What the task requires: Could you repeat the entries below exactly, but only from the line with "Nur Suresi 23. Ayet Arapça ve Türkçe meali" through the line with "BATTIFE Reflective Pinwheels", and without any picture?

Provided records:
· · ·
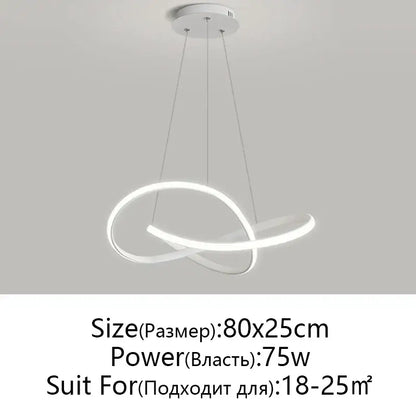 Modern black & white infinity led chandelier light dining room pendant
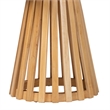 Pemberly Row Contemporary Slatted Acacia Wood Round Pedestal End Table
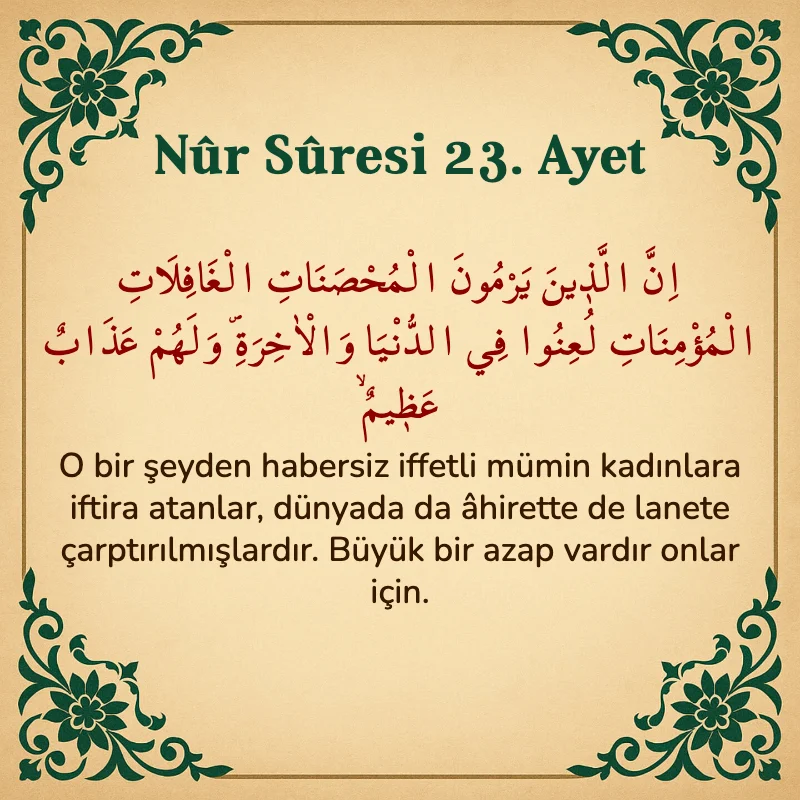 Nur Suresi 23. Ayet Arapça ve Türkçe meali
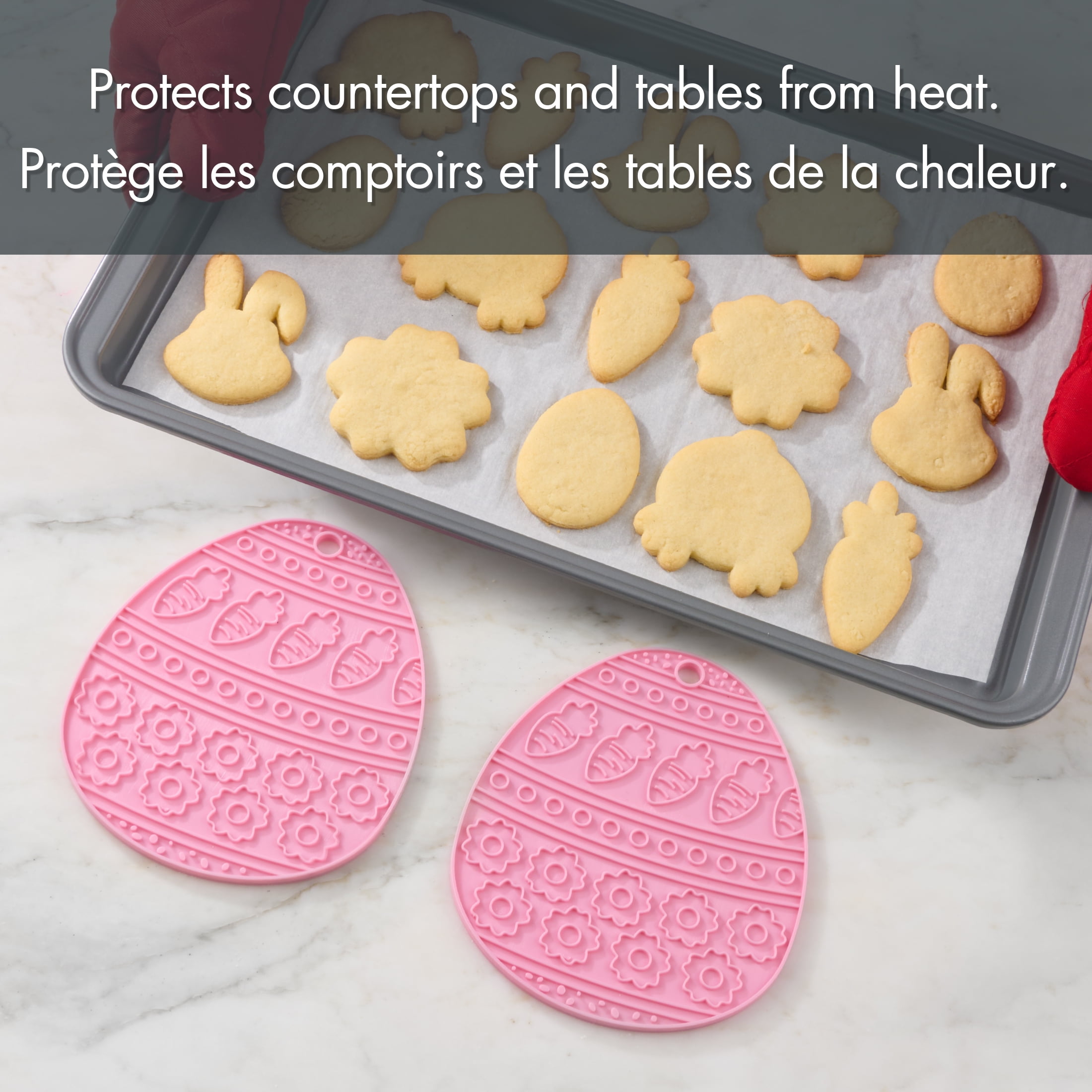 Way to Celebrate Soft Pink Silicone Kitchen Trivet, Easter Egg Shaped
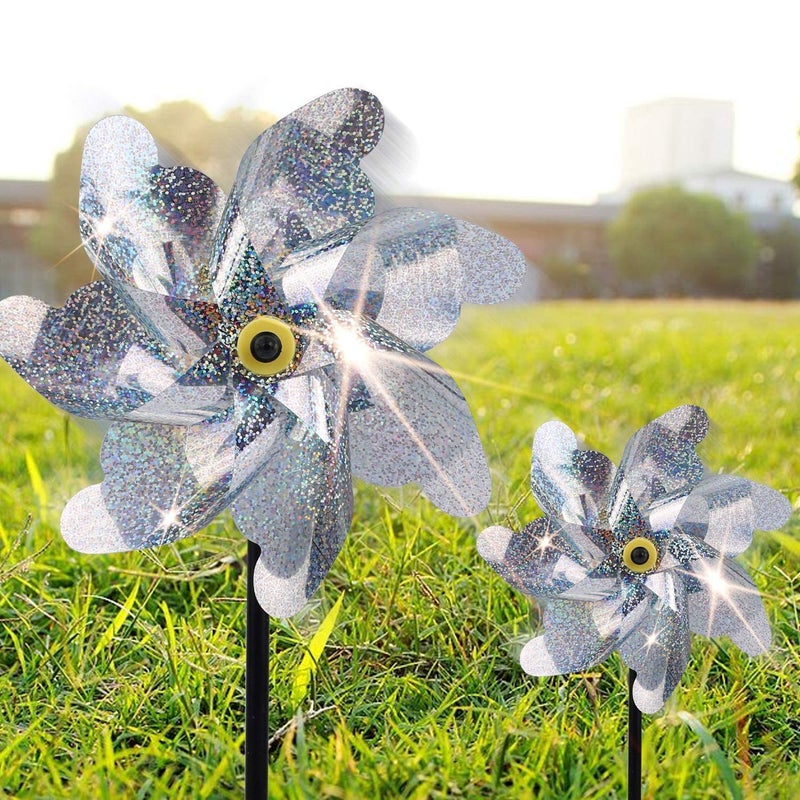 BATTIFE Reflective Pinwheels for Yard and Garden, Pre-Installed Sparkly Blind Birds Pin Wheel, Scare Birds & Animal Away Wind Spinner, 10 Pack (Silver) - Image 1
· · ·
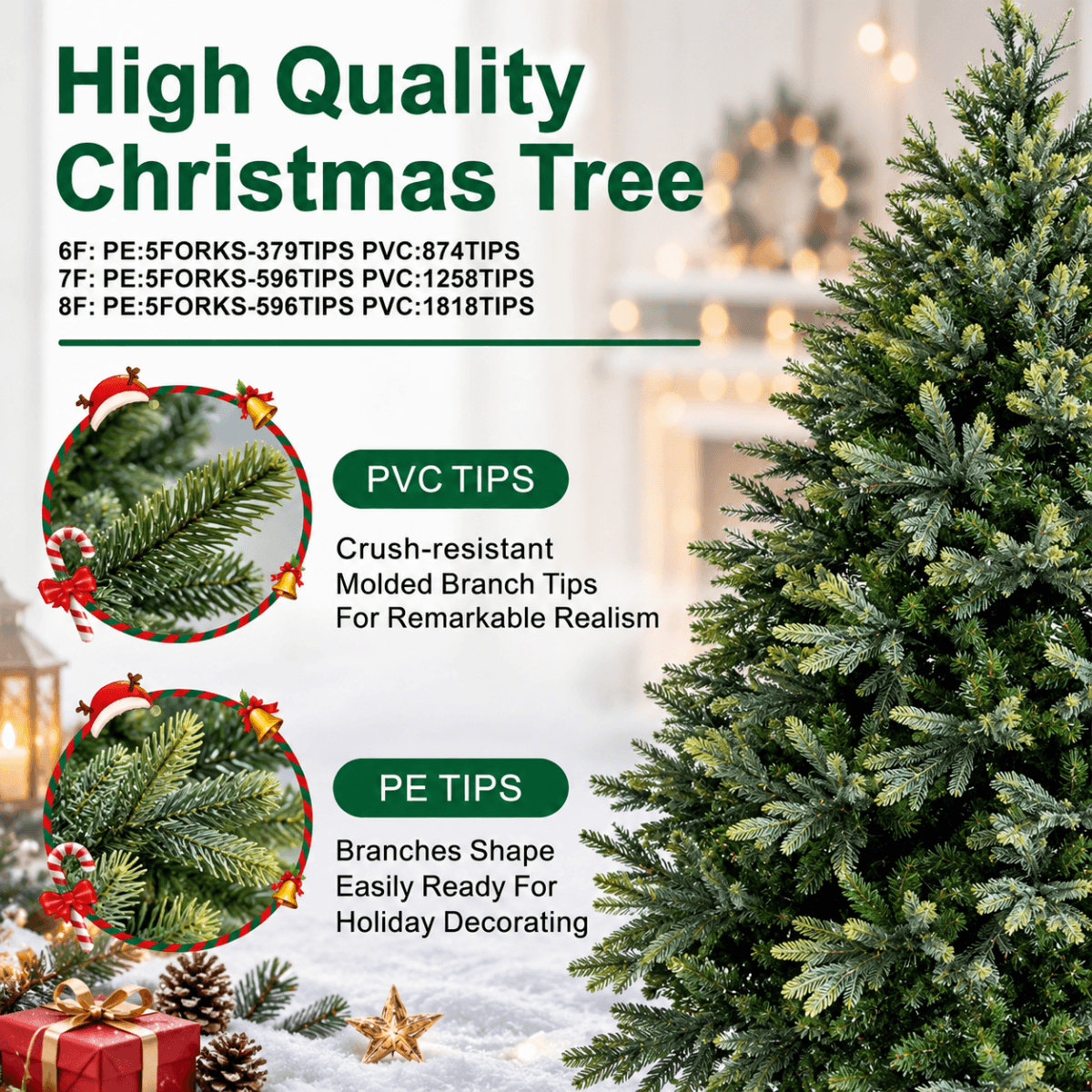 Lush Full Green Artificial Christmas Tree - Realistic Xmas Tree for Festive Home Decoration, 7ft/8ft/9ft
· · ·
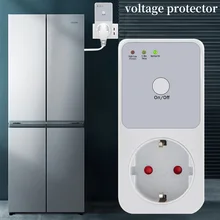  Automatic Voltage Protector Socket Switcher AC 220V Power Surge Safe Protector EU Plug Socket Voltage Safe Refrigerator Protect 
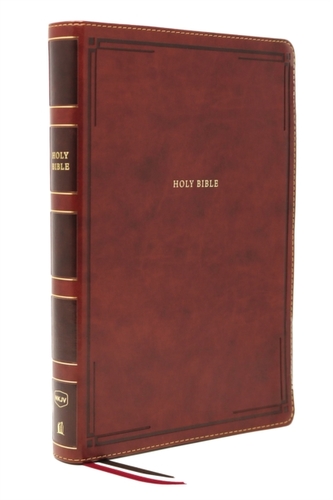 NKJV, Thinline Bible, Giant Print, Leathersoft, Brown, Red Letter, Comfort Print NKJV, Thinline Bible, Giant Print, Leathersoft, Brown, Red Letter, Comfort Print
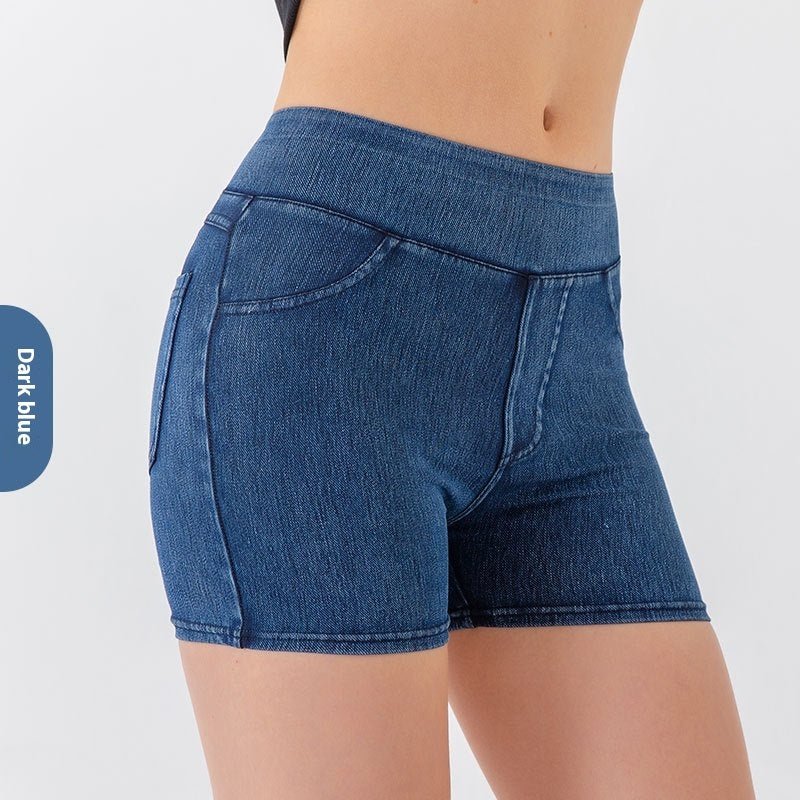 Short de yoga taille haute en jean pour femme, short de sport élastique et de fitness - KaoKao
· · ·
Written answer:
 Nur Suresi 23. Ayet Arapça ve Türkçe meali
 Way to Celebrate Soft Pink Silicone Kitchen Trivet, Easter Egg Shaped
 BATTIFE Reflective Pinwheels for Yard and Garden, Pre-Installed Sparkly Blind Birds Pin Wheel, Scare Birds & Animal Away Wind Spinner, 10 Pack (Silver) - Image 1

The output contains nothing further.